Others won’t have developed the rudimentary listening skills needed to recognize the superior sound of a Hot Stamper pressing when it’s playing on their turntable.
Speculation? Opinion? Not really. Not when the evidence is this overwhelming. Let’s look at some of the facts.
A great many analog-oriented audiophiles are quite happy with the sound of Heavy Vinyl LPs, the kind that we regularly trash around here.
Those pressings set a decidedly low standard for sound quality, to our ears anyway, so if the typical audiophile is happy with them, what does that tell you about the quality of his audio chain and the nature of his critical listening skills?
It may be hard to wrap your head around this unfortunate and depressing fact, but many of the audiophile records being made today are even worse sounding than the audiophile pressings that were made back in the bad old days of the 70s, 80s and 90s. (Maybe the bad old days, like the poor, will always be with us.)
Boat Rocking
Our Hot Stampers will of course sound quite a bit better on even a run-of-the-mill audiophile system than practically any Heavy Vinyl pressing you care to name. But if you’re happy with a $30 reissue, what’s your incentive to spend five or ten or twenty times that amount based on nothing more than our say-so?
Even with a 100% Money Back Guarantee, why rock your own boat?
On the site we take great pains to make it clear that there are many ways that an audiophile — even a novice — can prove to himself that what we say about pressing variations is true, using records he already owns.
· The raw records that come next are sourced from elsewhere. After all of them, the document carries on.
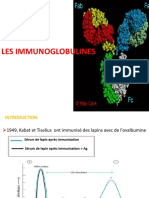 Les Immunoglobulines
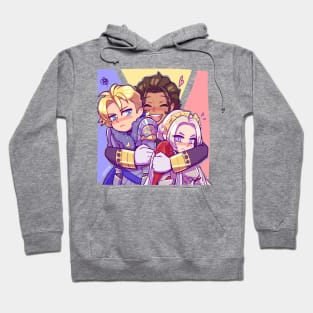 Three Hopes Hoodie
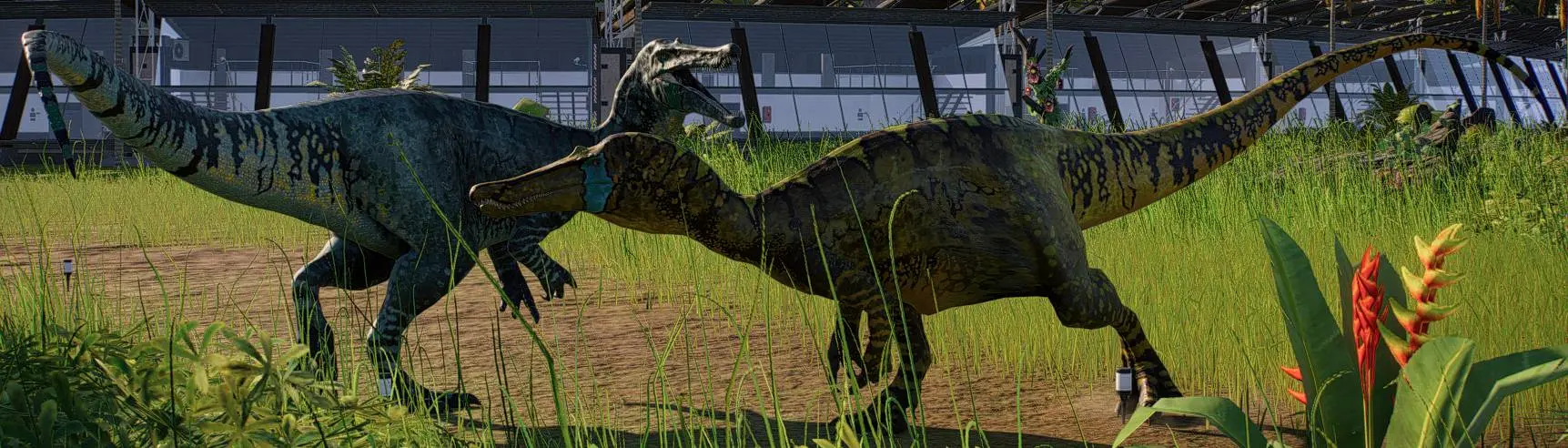 Baryonyx Walkeri Paleo Edits Wheat Edition New Cosmetic At Jurassic World Evolution 2 Nexus 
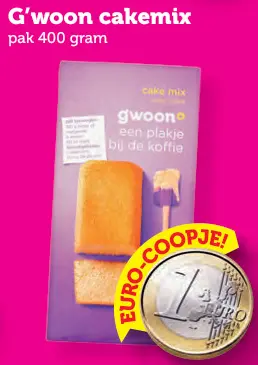 Aanbieding: Cakemix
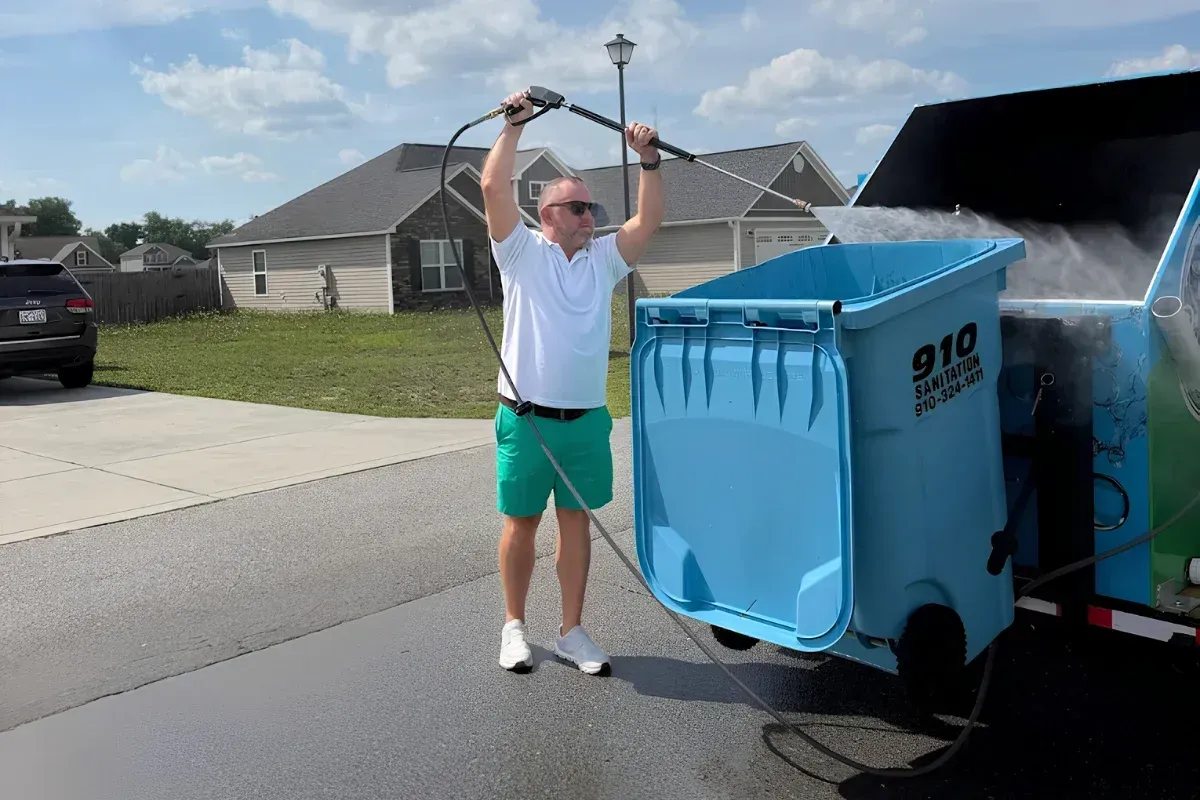 Why Does My Trash Bin Still Smell After I Wash It?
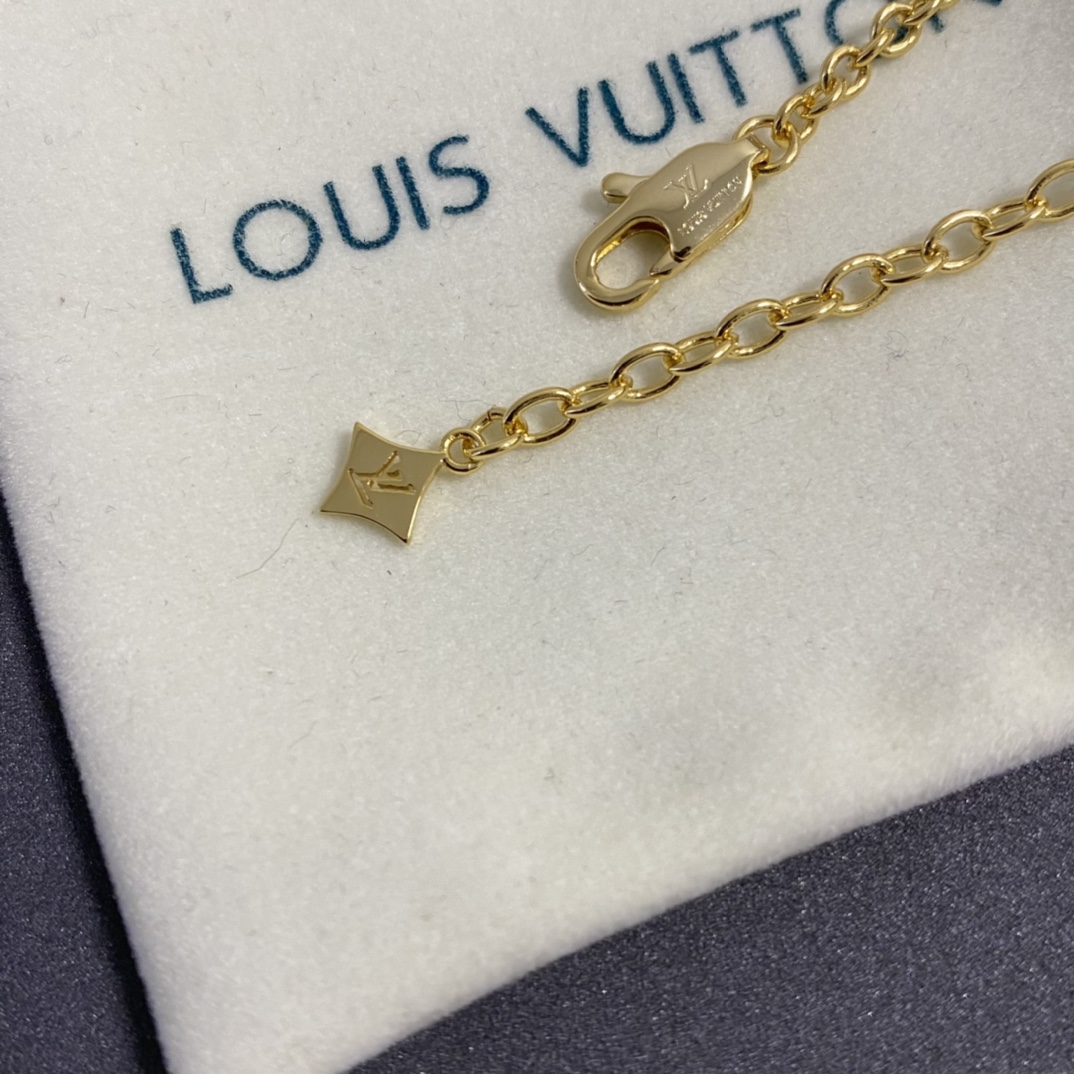 Louis Vuitton Jewelry Bracelets The logo design is full of atmosphere - PONI - Image 6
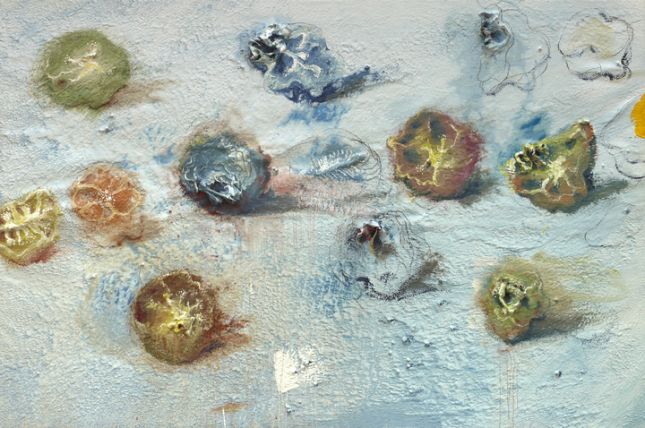 Miquel Barceló, Tomatl non comestible, 2010, 200 x 300 cm, Privatbesitz © Courtesy Miquel Barceló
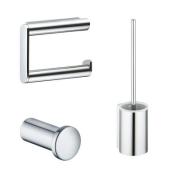 Set de wc chromé - Keuco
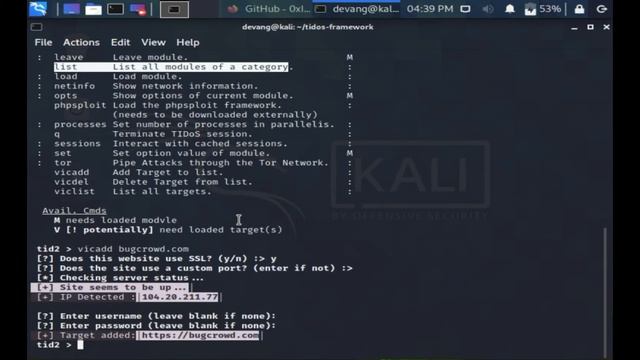 TIDoS Framework | Best Tool for Bug Bounty | Web Application Penetration Testing | Cyber World Hind смотреть онлайн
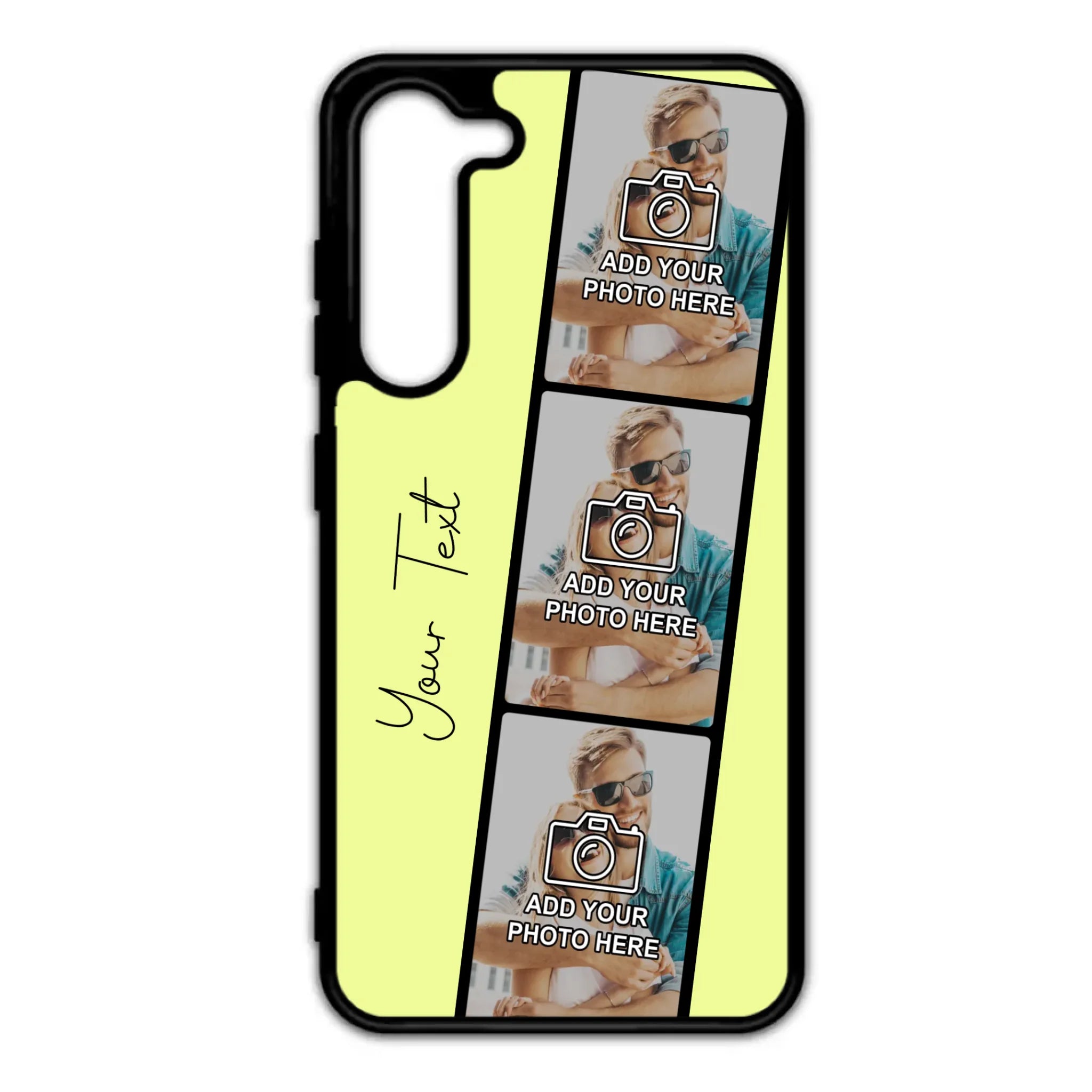 Custom Personalised Film Reel No.8 Rubber TPU Case for iPhone, Samsung & Pixel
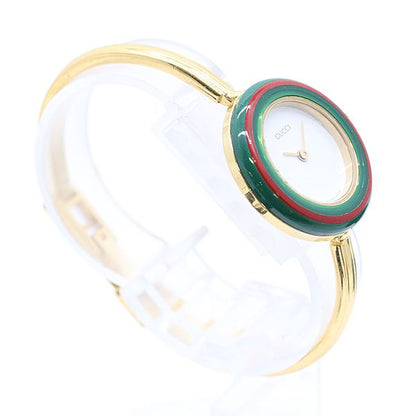 Gucci Change Bezel 11 12.2 Quartz White Dial Watch — view 3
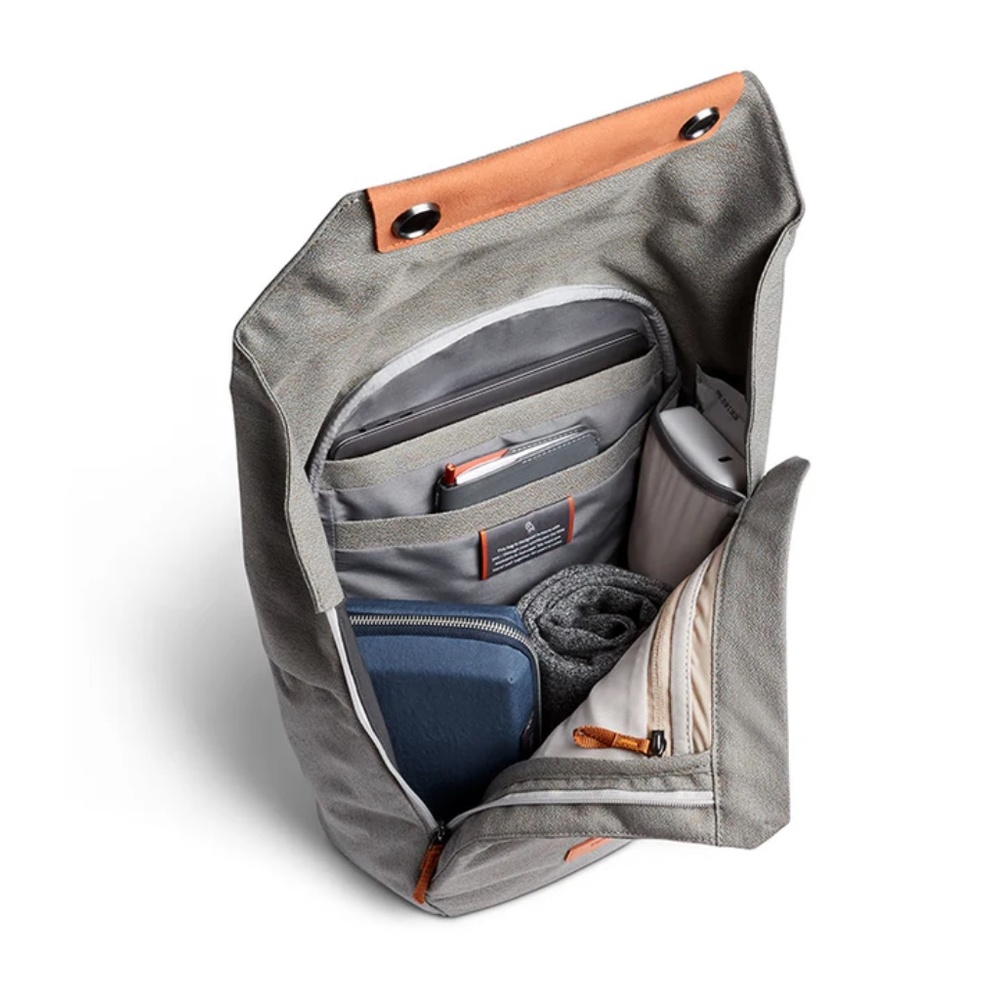 Bellroy Melbourne Backpack - Limestone - Picture 7 of 7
You don’t have to spend a dime to discover the reality underlying the concept of Hot Stampers.
We not only tell you how to go about finding them, we also help you to do a better job of playing them.
Have You Noticed?
But perhaps you may have noticed, as we have, that most audio skeptics rarely go out of their way to prove themselves wrong.
And a little something psychologists and cognitive scientists call confirmation bias practically guarantees that they won’t hear something they don’t want to hear.
Which is fine. At Better Records we don’t let that slow us down. Instead, we happily go about our business turning skeptics into believers (one record at a time of course), taking a few moments out to debunk the hell out of practically any audiophile LP we run into, for sport if for no other reason.